Peraturan khusus mengenai asuransi mutual baru secara resmi diatur dalam UU Nomor 4 Tahun 2023 tentang Pengembangan dan Penguatan Sektor Keuangan.
Sebelumnya, tidak ada regulasi yang secara eksplisit mengatur operasional, perlindungan hukum, dan pengelolaan keuangan asuransi mutual di Indonesia.
Kasus AJB Bumiputera 1912, satu-satunya perusahaan asuransi mutual di Indonesia, mencerminkan tantangan besar dalam penerapan konsep ini.

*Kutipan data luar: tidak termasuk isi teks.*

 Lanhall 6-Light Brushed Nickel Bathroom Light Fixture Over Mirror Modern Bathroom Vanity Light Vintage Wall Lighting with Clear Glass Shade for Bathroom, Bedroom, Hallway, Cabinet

Perusahaan yang telah beroperasi lebih dari satu abad mengalami gagal bayar dalam jumlah besar, menimbulkan keresahan di kalangan pemegang polis yang mayoritas berasal dari kelompok menengah ke bawah, seperti pegawai negeri, guru, dan petani.

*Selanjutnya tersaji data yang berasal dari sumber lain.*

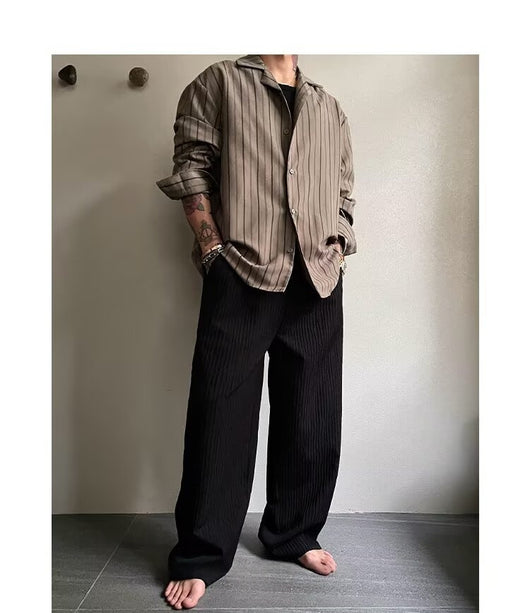 Pantalones Anchos Plisados con Textura para Hombre - Image 15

Ribuan klaim yang belum terbayarkan mencerminkan lemahnya tata kelola dan sistem perlindungan pemegang polis.
Baca juga: Menjelajahi Masa Depan Akuntansi: Inovasi Blockchain dalam Praktik Keuangan
Hambatan Hukum dan Manajemen yang Buruk
Penelitian ini menyoroti kendala regulasi sebagai salah satu penyebab utama ketidakmampuan asuransi mutual dalam melindungi hak pemegang polis.

Berbeda dengan perusahaan berbentuk perseroan terbatas (PT) yang memiliki sistem saham, AJB Bumiputera tidak dapat dengan mudah melakukan restrukturisasi keuangan atau menarik investor untuk menyelamatkan perusahaan saat mengalami krisis.

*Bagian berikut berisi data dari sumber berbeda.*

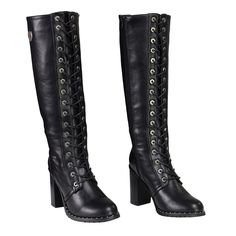 Milwaukee Leather MBL9442 Women's Black Lace-Up Tall Biker Fashion Boots with Platform Heel & Studs Features Made of Synthetic Faux Leather Water Resistant Uppers Tall Boots Anti-Slip Bottom Lace-Up with Inside Zipper for Easy on and off Wear Studded Outsole Milwaukee Signature Hardware Signature Hardware, Leather Boots Women, Biker Style, Tall Boots, Performance Outfit, Platform Heels, Black Lace, Fashion Boots, Leather Women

Selain itu, sistem tata kelola yang buruk menjadi faktor utama penyebab krisis di AJB Bumiputera. Pergantian manajemen yang terlalu sering, praktik nepotisme, dan pengambilan keputusan yang tidak transparan membuat perusahaan rentan terhadap masalah keuangan.
Kurangnya pengawasan ketat dan mekanisme internal yang jelas semakin memperburuk situasi, hingga akhirnya perusahaan tidak mampu membayar klaim pemegang polis.
Dalam beberapa tahun terakhir, Otoritas Jasa Keuangan (OJK) telah mencoba melakukan restrukturisasi untuk menyelamatkan AJB Bumiputera.
Namun, sistem kepemilikan berbasis keanggotaan justru menghambat langkah-langkah penyelamatan akibat resistensi internal.
OJK bahkan sempat membentuk pengelola khusus untuk mengambil alih manajemen perusahaan, tetapi upaya ini belum membuahkan hasil maksimal. Ketidakjelasan kebijakan dan kurangnya koordinasi antara regulator dan pemegang polis semakin memperumit situasi.
Lihat juga: Strategi Perusahaan dalam Menjaga Kinerja dan Nilai di Tengah Krisis Inflasi
Perlukah Demutualisasi atau Reformasi Regulasi?
Situasi yang dihadapi AJB Bumiputera 1912 menimbulkan dilema besar: apakah asuransi mutual masih relevan dalam sistem keuangan Indonesia saat ini?
Beberapa ahli berpendapat bahwa demutualisasi, yakni mengubah struktur perusahaan menjadi perseroan terbatas dengan kepemilikan saham, dapat menjadi solusi jangka panjang.
Dengan sistem ini, perusahaan lebih fleksibel dalam menarik investor dan mengelola keuangan secara profesional.
Namun, di sisi lain, konsep mutualisme tetap memiliki nilai sosial yang tinggi. Prinsip gotong royong dan keadilan sosial yang diusung oleh sistem ini sejalan dengan semangat ekonomi Pancasila.
Oleh karena itu, solusi yang lebih moderat bukanlah menghilangkan konsep mutualisme, melainkan melakukan reformasi regulasi yang lebih ketat untuk mengatur tata kelola dan perlindungan hukum pemegang polis.
Langkah konkret yang dapat diambil meliputi perbaikan regulasi mengenai transparansi keuangan, peningkatan mekanisme pengawasan dari OJK, serta memperjelas hak dan kewajiban pemegang polis sebagai pemilik perusahaan.
Selain itu, edukasi kepada masyarakat tentang asuransi mutual perlu diperkuat agar calon pemegang polis memahami risiko serta manfaat sistem ini.
Penelitian ini menunjukkan bahwa keberadaan asuransi mutual di Indonesia membutuhkan revisi mendalam dalam aspek regulasi, tata kelola, dan perlindungan pemegang polis.
Tanpa reformasi yang signifikan, konsep mutualisme yang ideal ini hanya akan menjadi teori tanpa realisasi yang benar-benar melindungi hak konsumen.
Jika tidak ada perbaikan, bukan tidak mungkin kasus serupa AJB Bumiputera akan kembali terjadi di masa mendatang, merugikan masyarakat yang seharusnya mendapatkan perlindungan finansial dari asuransi.